I don't see rightness as verification, nor wrongness as a waste, of a life's work. There's a decent chance that every last one of us is profoundly wrong in our assumptions, beliefs and hunches. Moving closer to reality is still by definition not in touch with reality.
Greta wrote:I absolutely insist that the universe must be modelled as if it were alive. However this doesn't mean it's alive in the same sense that you and I are alive but that it's alive in the same sense as our planet is alive, as modelled by Lovelock and Margulis and foreshadowed by Anaximander and Heraclitus.
Speaking of our planet, I think we should be sobered by just how little we understand of it, let alone the universe. We seem to understand many of its individual features and processes but struggle to put it all together as a single living system, or a component of one. In truth, Even the Earth is too large and complex for us to comprehend.
Obvious Leo wrote:Some clever cognitive neuroscientist managed to figure out that the human brain has more logic gates in it than there are ATOMS in the entire universe. I think it would be fair to say that we have yet to realise our full potential. It is estimated that average human intelligence is increasing by about 3% per decade. I can't be bothered doing the compound interest sums but in even a thousand years we would be many many orders of magnitude smarter than we are now. The problem as I see it is that we're probably not even smart enough to survive another hundred years, let alone a thousand. However if we manage to survive a thousand years we would almost certainly survive a million and if we survive a million we should survive a billion. A human mind a billion years from now would be to ours as ours is to that of an amoeba. We might be getting a tad ahead of ourselves if we start trying to second-guess what such a mind might do.

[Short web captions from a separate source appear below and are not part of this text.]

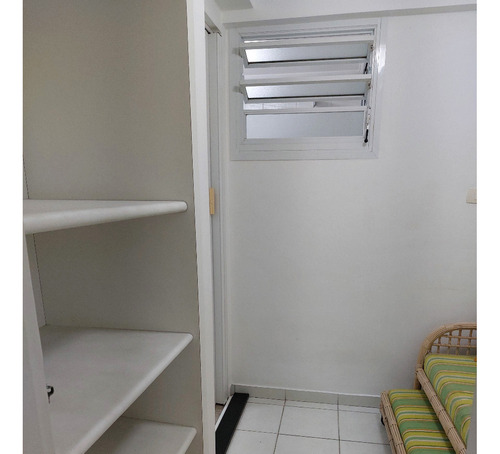 Confortável, Iluminado E Excelente Apartamento Na Praia De Pitangueiras, No Guarujá, 50 Metros Do Mar.
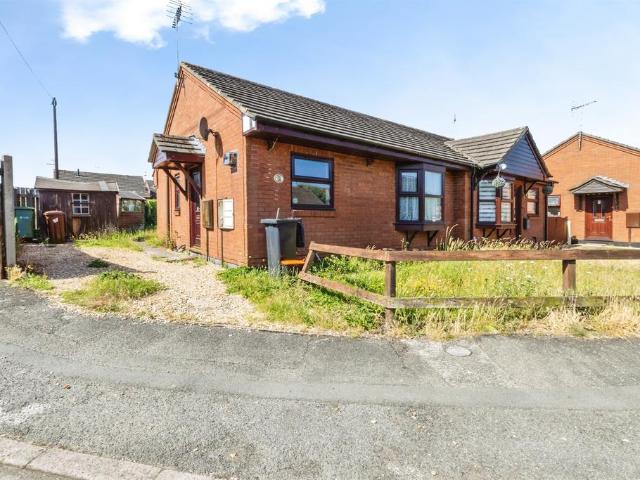 2 bedroom semi detached bungalow for sale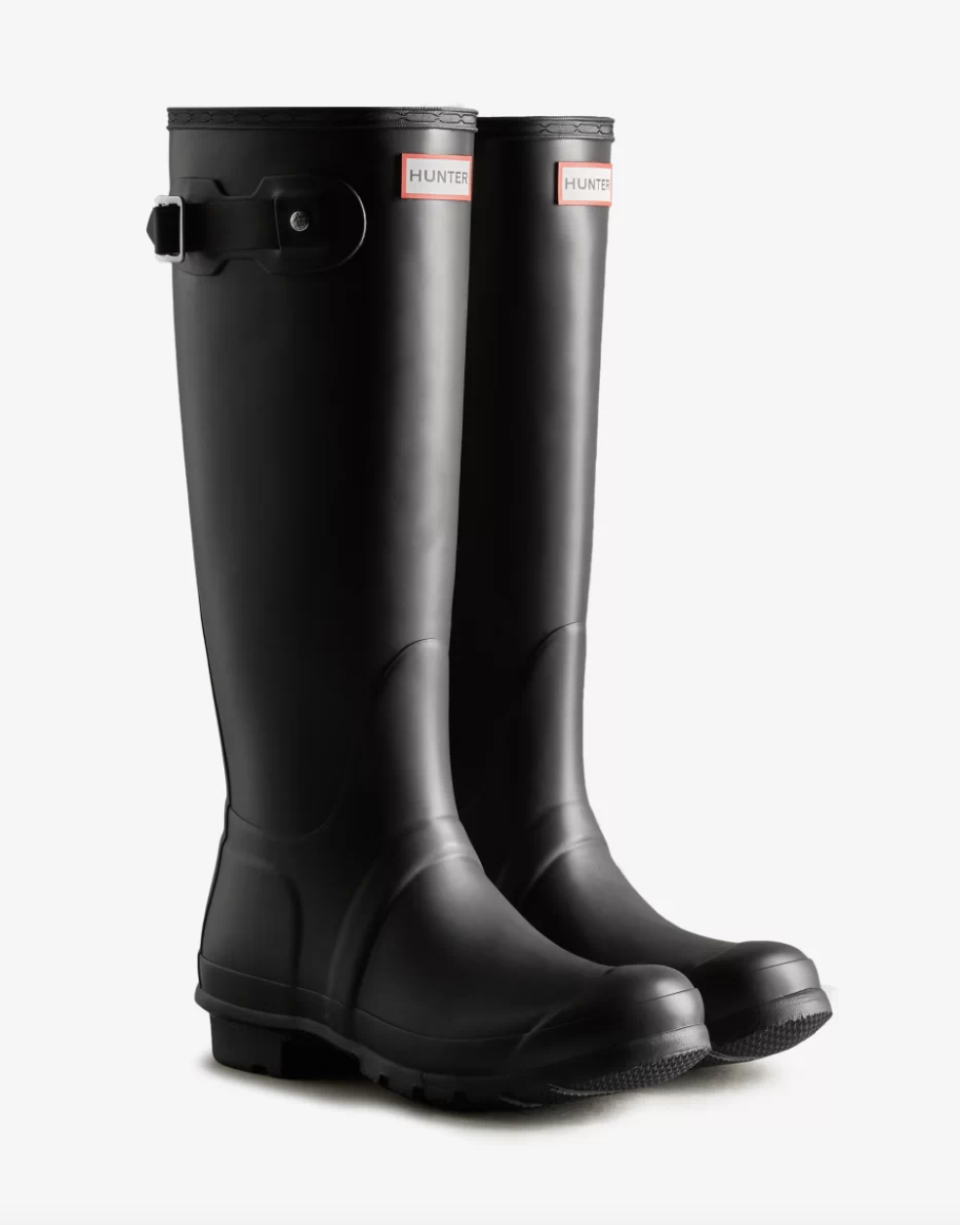 Original Tall Rain Boots in black (Photo via Hunter)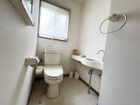 １階トイレ。温水洗浄便座付。手洗いカウンター付きで、衛生的な空間です。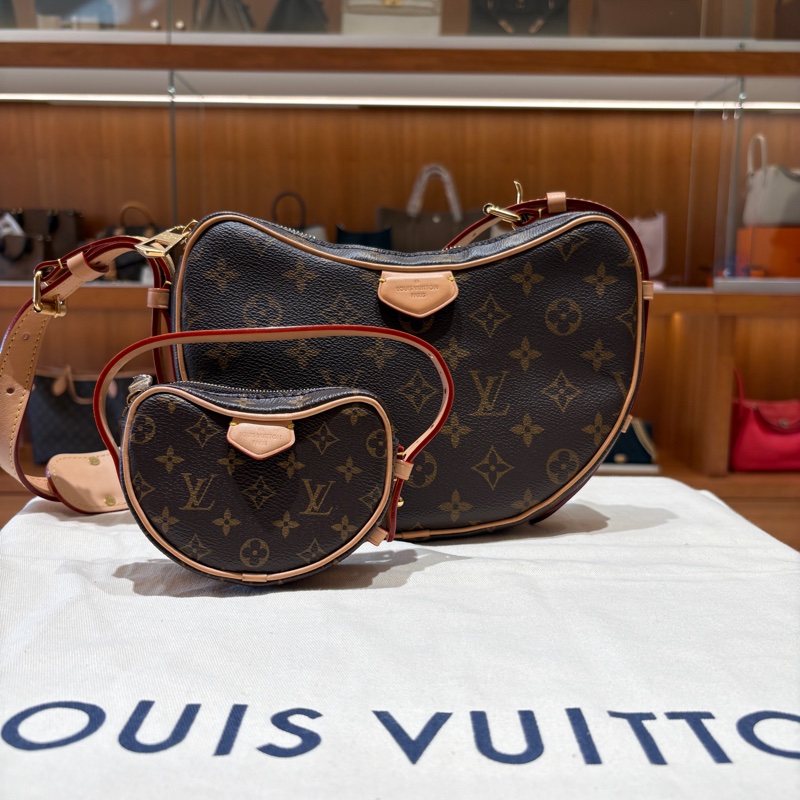 【現貨|經典復刻】Louis Vuitton Croissant MM 豌豆包|中號弧形肩背包|經典 Monogram 老花|自然皮革飾邊|法式氣質穿搭首選-7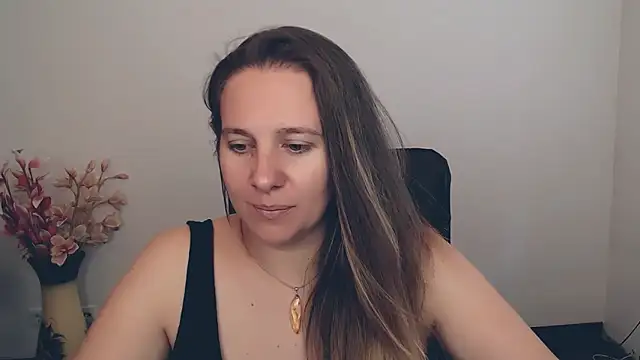 Snapshot of Darklure_ chatting on September 16, 12:35 pm Darklure  online show from September 16, 12:35 pm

It's not as though Earthlings are going to be the only intelligent life in the universe/reality. Someone "out there" is going to be enormously smarter than we are. It's hard to be confident in today's observers - all we can really hope for is to be moving in productive and fulfilling directions. That's not to say that we're doing poorly - quite amazingly given that less than 300 years ago we were burning witches.
Greta wrote:While there's obviously more to the story, Newtons' "cosmic billiard balls" clearly have some significant relationship to reality or they wouldn't be so efficacious.
Obvious Leo wrote:Never ever have I said that physics isn't useful. I'm just agreeing with Bohr, Planck, Einstein, Wheeler and quite a few others who made it clear that physics is NOT designed to explain to us what the universe is. Physics can only make statements about the behaviour of matter and energy within it.
Leo, you've disputed the Standard Model's ontological truth - the SM's laws' efficacy suggest that there is some ontological truth in the laws. They aren't just mathematical models and they can tell us a great deal about reality. Your critiques strike me as generally about not seeing the forest for the trees, and I'm pretty sure that that view has plenty of sympathy anyway. There's some big picture/s that we are missing.